Behavioral Credit Scoring
Citation: 101 Geo L.J. 807 (2013)
In 2011, Kevin Rose, the influential founder of the website Digg, caused a stir when he took to his video blog to share a “random idea.” “This might be potentially the dumbest . . . least vetted idea that I’ve ever thrown out there,” Rose said, “But…what if we could make credit cards a little bit more social?” Rose suggested a system in which trusted friends would invite each other into an extended credit network sponsored by a bank. The more friends you could invite and the better credit those friends had, the lower your own interest rate would be and the higher your available credit. Contrary to delinquency to a large, faceless bank, where the only real consequence of missed payments would be a slight credit-score reduction, Rose argued that your trusted friends in the newly formed credit circle would be loath to miss payments because they would be letting you and the network down. Peer pressure and tight social bonds would provide far greater enforcement than the coercive power of a large institution ever could. It would be, in a sense, a return to a preindustrial small-town ideal where credit was extended on a handshake, based on one’s standing in a close-knit community.

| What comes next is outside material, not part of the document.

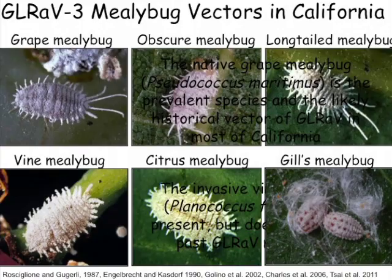We tried spraying and spraying insecticides in one experimental block, and we still had a few vines coming in that were infected. This is probably because of millibugs being blown in.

As our commercial and social lives are increasingly mediated through digital technologies, companies large and small have begun to make credit “social,” and not only in the seemingly benign way proposed by Rose. By collecting and mining the enormous wealth of personal data generated by performing the mundane tasks of daily existence—shopping, reading, socializing—credit card companies, large banks, and a host of start-up companies in the data-collection and lending fields are at the cusp of a revolution in the way they determine and price risk in credit markets. In the coming years, who you know, where you shop, and what you read may dramatically affect your access to credit. Although much scholarly attention has been paid to the privacy implications of online data mining and aggregation, or “dataveillance,” for use in targeted behavioral advertising, relatively little attention has been focused on the adoption of these techniques by lenders. And although the efficiency and accuracy justifications for total access to consumer information may be at their highest when determining credit risk, these practices also raise unique concerns regarding our privacy expectations in digital space. The heightened potential for discrimination facilitated by online tracking deserves closer attention. This Note seeks to address some of these concerns.